Ter uma infecção respiratória do trato inferior antes dos dois anos de idade foi associado apenas a um risco aumentado de morte prematura por doenças respiratórias, e não a outros agravos, como doenças cardíacas ou câncer.
“Os resultados do nosso estudo sugerem que os esforços para reduzir as infecções respiratórias na infância podem ter um impacto no combate à mortalidade prematura por doenças respiratórias mais tarde na vida. Esperamos que este estudo ajude a orientar as estratégias das organizações internacionais de saúde para lidar com essa questão”, diz a professora Rebecca Hardy, da Universidade de Loughborough e da Universidade College London, no Reino Unido.

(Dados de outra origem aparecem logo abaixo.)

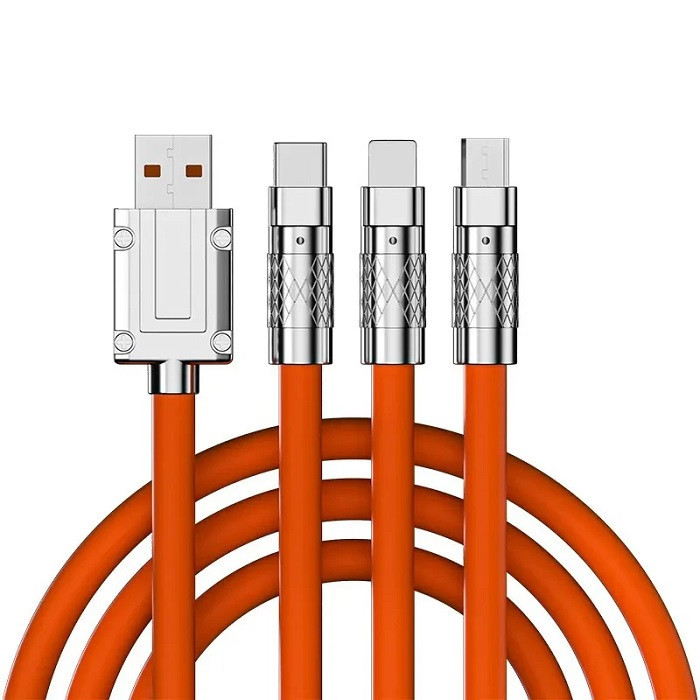 کابل تبدیل USB به micro USB/لایتنینگ/USB-C مدل B012025 طول 1.2 متر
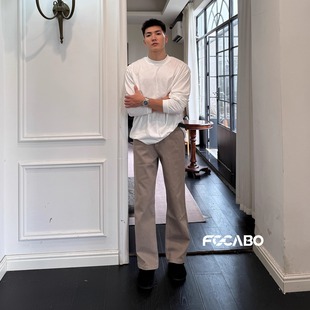 百搭休闲长裤 FOCABO美式 直筒水洗复古牛仔裤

Os autores reconhecem algumas limitações do estudo. Embora a origem socioeconômica e o tabagismo tenham sido ajustados na análise, pode ter havido outros fatores que não foram relatados, como tabagismo dos pais e nascimento prematuro.
Durante o estudo, a mudança social também pode ter impulsionado alterações na função pulmonar, alterando os resultados. Além disso, o estudo não foi capaz de investigar quais bactérias ou vírus causaram as infecções respiratórias na infância.
“Delinear o efeito de longo prazo da ITRi no início da vida é importante para entender as origens da doença adulta e para fortalecer intervenções preventivas. Os esforços globais atuais para reduzir a mortalidade prematura de adultos concentram-se principalmente nas exposições de adultos. O estudo de Allinson e colegas aumenta a evidência de que adultos cuja doença pulmonar crônica foi atribuída a efeitos relacionados ao fumo também podem ter doenças resultantes de exposições na infância que são amplamente evitáveis”, comenta a pesquisadora Heather Zar, da Universidade da Cidade do Cabo, na África do Sul, que não esteve envolvida no estudo.